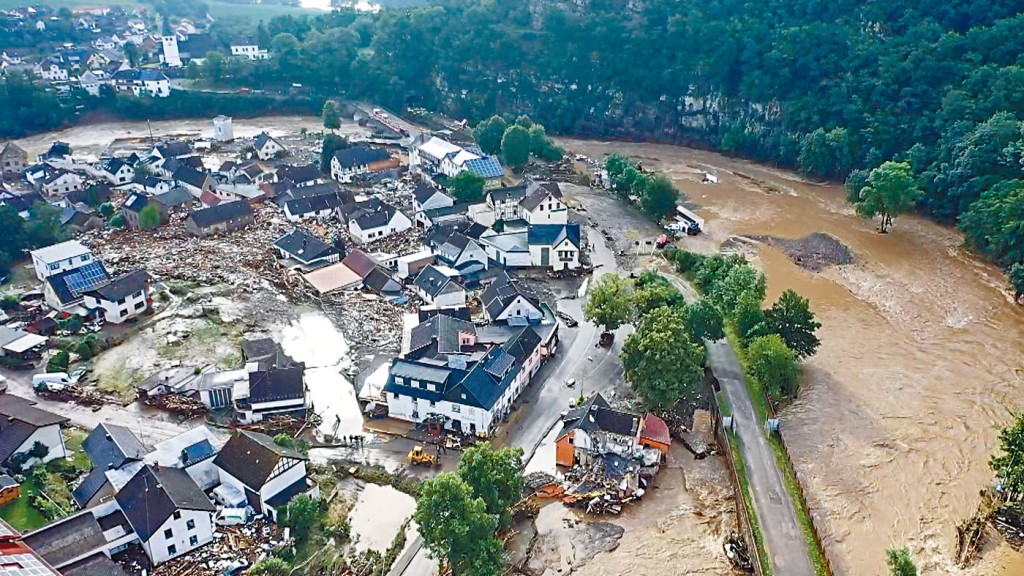 ■毗鄰舒爾德鎮的阿爾河洪水氾濫造成破壞。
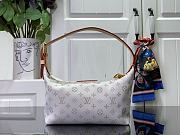 LV M12433 White Flower Hills Pochette Bag 18.5 x 11 x 6.5 cm - 5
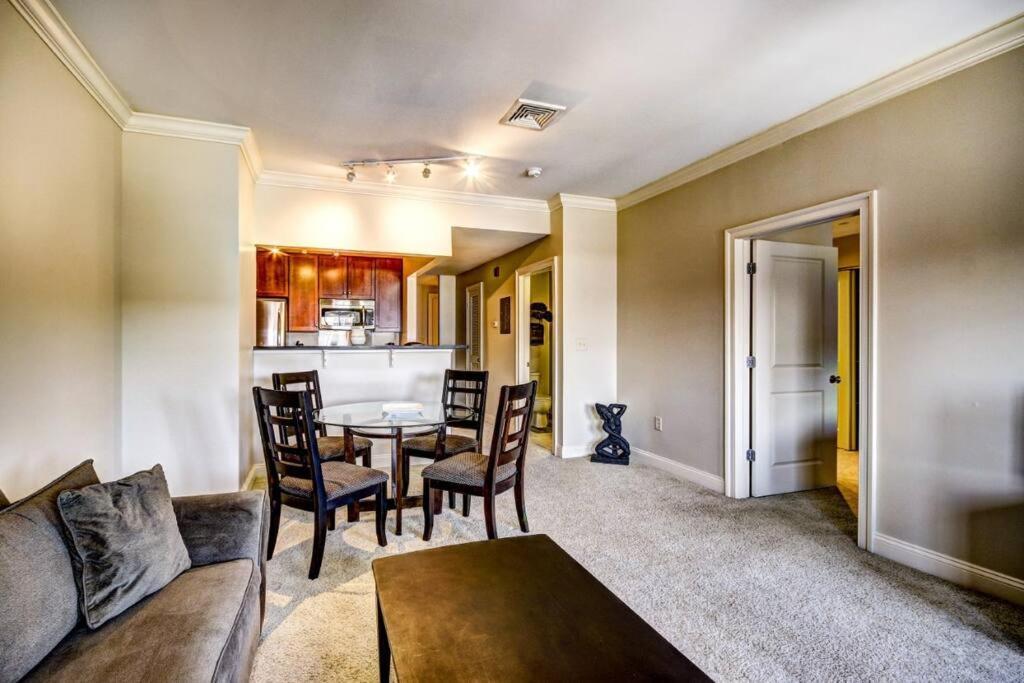 Chase Penthouse At 39 West Baltimore Inner Harbor Convention Center Free Indoor Parking One And Two Bedrooms Extérieur photo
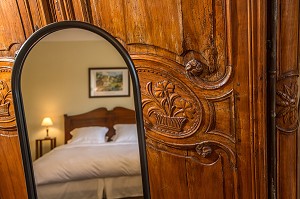 CHAMBRE DE LA MAISON D'HOTES LA PLACE SAINT-MARTIN, MARBOUE, EURE-ET-LOIR (28), FRANCE 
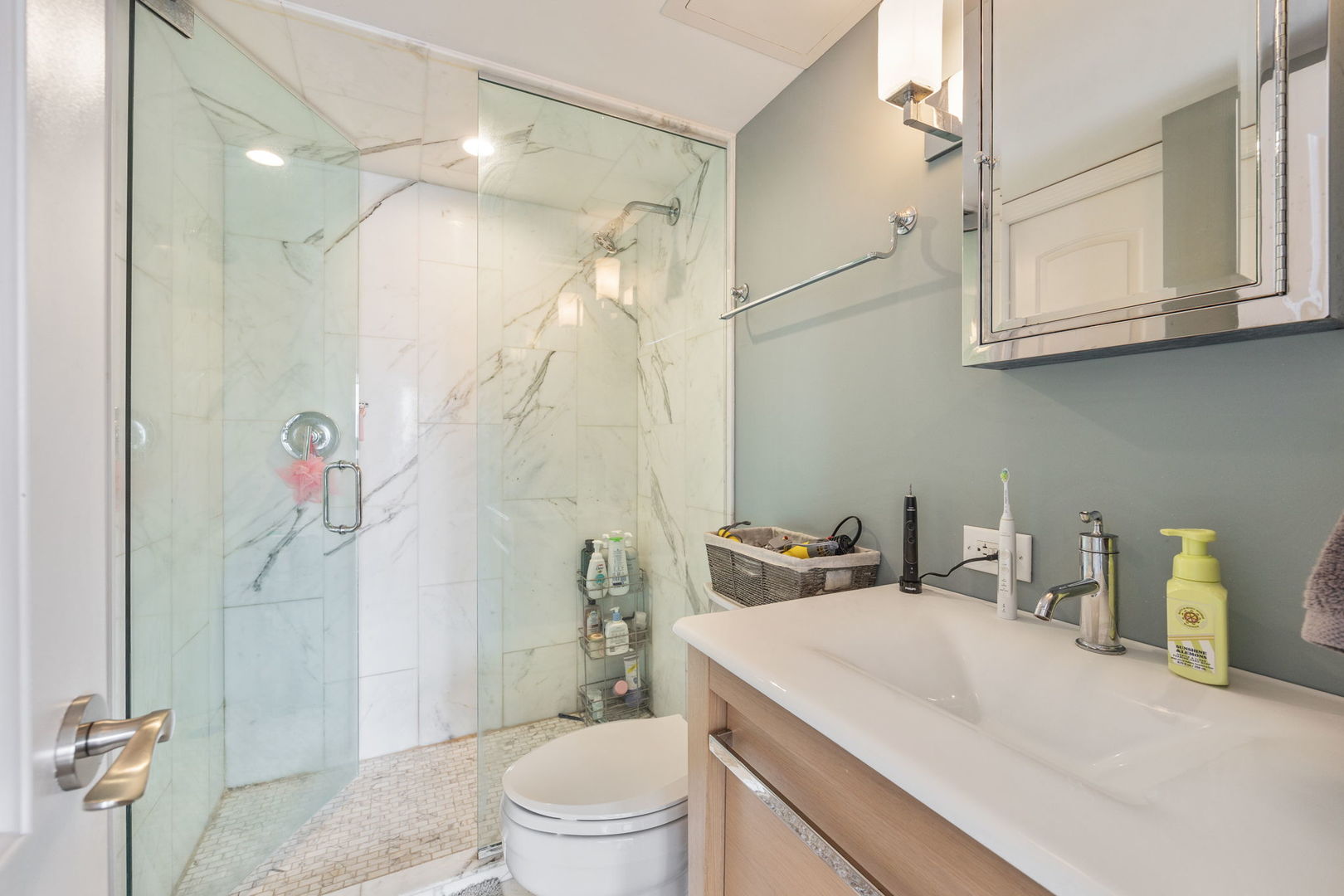 260 E Chestnut Street Unit: 3501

******************************

* EXERCISE *
Word for word and without any pictures, return all of the lines above.

* EXPECTED ANSWER *
 ■毗鄰舒爾德鎮的阿爾河洪水氾濫造成破壞。
 LV M12433 White Flower Hills Pochette Bag 18.5 x 11 x 6.5 cm - 5
 Chase Penthouse At 39 West Baltimore Inner Harbor Convention Center Free Indoor Parking One And Two Bedrooms Extérieur photo
 CHAMBRE DE LA MAISON D'HOTES LA PLACE SAINT-MARTIN, MARBOUE, EURE-ET-LOIR (28), FRANCE 
 260 E Chestnut Street Unit: 3501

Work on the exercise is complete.